Defterler
Nilgün’üm, edebiyatımızın melankolik güzeli 29 yaşında hayata veda etti.
En sevdiğim ve asla hazmedemediğim, aşamadığım sözünle anıyorum seni ölüm yıldönümünde.
Bir karga bir kediyi
öldüresiye bir oyuna davet ediyordu.
Hep böyle mi bu?
Bir şeyden kaçıyorum bir şeyden,
kendimi bulamıyorum
dönüp gelip kendime yerleşemiyorum,
kendimi bir yer edinemiyorum,
kendime bir yer...
Kafatasımın içini,
bir küçük huzur adına
aynalarla kaplattım,
ölü ben'im kendini izlesin her yandan,
o tuhaf sır içinden!
Paniğini kukla yapmış hasta bir çocuğum ben.
Oyuncağı panik olan sayın yalnızlık kendi kendine nasıl da eğlenir.
Niye izin vermiyorsun yoluna kuş konmasına
niye izin vermiyorum yoluma kuş konmasına
niye kimseler izin vermez yollarıma kuş konmasına?
"Öyle güzelsin ki kuş koysunlar yoluna" bir çocuk demiş.
Ah Nilgün 'üm bugün gitmiş dünyadan... Kendini bir balkondan aşağı atıp gitmiş ... Yakınların en uzağıydın sen bana , dediği eşi de çok şaşırmış... Rahmetle Nilgün , yattığın yer incitmesin kadın ... 🌸
İyi ki doğdun Nilgün Marmara .
Ne vakit adına denk gelsen, bir şiirine yüreğimi bıraksam, aklıma kendine yaşamdan pay biçtiğin vedan geliyor.
Şu sıralar Tutunamayanlar'ı okuyorum Turgut'un intihar eden arkadaşı Selim'e serzenişini Nilgün Marmara'ya addediyorum.
“Başka bir yol olmalıydı,” dedi. “Bir yol bulunmalıydı. İnsana bir fırsat verilmeliydi.
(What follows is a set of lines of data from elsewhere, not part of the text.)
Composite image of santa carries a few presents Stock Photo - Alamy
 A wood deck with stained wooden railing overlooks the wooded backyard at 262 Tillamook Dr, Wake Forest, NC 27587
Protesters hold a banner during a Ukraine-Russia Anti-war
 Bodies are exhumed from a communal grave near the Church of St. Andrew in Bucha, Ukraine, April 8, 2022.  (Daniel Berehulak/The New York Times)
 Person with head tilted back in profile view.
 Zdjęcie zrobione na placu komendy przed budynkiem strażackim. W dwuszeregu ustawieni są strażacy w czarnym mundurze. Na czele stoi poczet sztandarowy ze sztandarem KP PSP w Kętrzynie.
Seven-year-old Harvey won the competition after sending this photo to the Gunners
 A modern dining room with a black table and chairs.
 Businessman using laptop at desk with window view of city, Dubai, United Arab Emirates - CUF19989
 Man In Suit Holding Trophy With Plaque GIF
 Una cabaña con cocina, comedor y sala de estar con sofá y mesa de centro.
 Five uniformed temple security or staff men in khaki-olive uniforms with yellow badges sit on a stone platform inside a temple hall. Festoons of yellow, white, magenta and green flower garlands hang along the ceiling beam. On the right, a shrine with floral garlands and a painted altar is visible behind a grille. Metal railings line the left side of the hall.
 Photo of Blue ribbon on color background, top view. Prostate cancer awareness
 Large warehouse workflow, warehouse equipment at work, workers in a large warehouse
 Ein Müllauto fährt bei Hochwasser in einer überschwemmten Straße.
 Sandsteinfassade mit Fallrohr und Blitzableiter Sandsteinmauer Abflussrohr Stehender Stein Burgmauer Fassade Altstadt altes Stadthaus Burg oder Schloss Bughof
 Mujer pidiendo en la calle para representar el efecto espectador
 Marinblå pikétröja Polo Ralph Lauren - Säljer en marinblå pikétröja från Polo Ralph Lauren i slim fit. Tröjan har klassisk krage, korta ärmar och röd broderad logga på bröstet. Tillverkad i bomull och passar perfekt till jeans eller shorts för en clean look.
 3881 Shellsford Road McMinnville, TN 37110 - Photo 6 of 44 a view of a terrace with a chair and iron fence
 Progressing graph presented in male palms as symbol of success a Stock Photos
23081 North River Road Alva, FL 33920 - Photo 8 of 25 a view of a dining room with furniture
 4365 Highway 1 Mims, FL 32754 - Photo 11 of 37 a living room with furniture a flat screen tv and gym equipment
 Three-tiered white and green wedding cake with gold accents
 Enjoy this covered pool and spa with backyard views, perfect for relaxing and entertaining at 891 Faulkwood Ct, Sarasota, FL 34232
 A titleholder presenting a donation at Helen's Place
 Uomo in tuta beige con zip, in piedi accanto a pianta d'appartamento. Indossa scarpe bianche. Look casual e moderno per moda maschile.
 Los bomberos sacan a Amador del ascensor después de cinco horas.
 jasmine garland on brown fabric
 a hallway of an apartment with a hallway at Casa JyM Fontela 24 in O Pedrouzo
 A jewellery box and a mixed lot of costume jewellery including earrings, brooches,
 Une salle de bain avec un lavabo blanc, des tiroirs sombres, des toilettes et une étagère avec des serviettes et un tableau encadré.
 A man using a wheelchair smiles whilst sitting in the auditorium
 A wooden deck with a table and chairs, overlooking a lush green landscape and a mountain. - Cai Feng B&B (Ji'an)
Bana, sana hiç olmazsa… Bu çaresizliğe dayanamıyorum. Bir defaya mahsus olmak üzere bir istisna yapılmalıydı. Kâğıtlarınızda bir noksanlık var, bir imza eksik diye geri çevrilmeliydi Selim. Özür dileriz, kabul edemeyiz; bazı noktaları unutmuşsunuz denemez miydi?… Turgut’u, Süleyman’ı unutmuşsunuz; bilseniz ne merakla bekliyorlar sizi. Bütün karakollara haber vermişler, her yeri aramışlar. Neden haber vermediniz çıkarken?… Dikkat et Selim… canın acıyacak dur… söz veriyorum… her şeyi yeniden konuşacağız. Selimciğim Işık… hepsi hak verecek sana… durmadan başlarını sallayarak, haklısınız, haklısınız, diyecekler… sen gitmek istesen de bırakmayacaklar seni… ne olur biraz daha kalın, daha yeni başlamıştık konuşmaya… söyleyecek o kadar söz vardı ki… canım Selim… hayır Süleyman Kargı! İnanmıyorum Selim’in öldüğüne. Reddediyorum! İnkâr ediyorum.”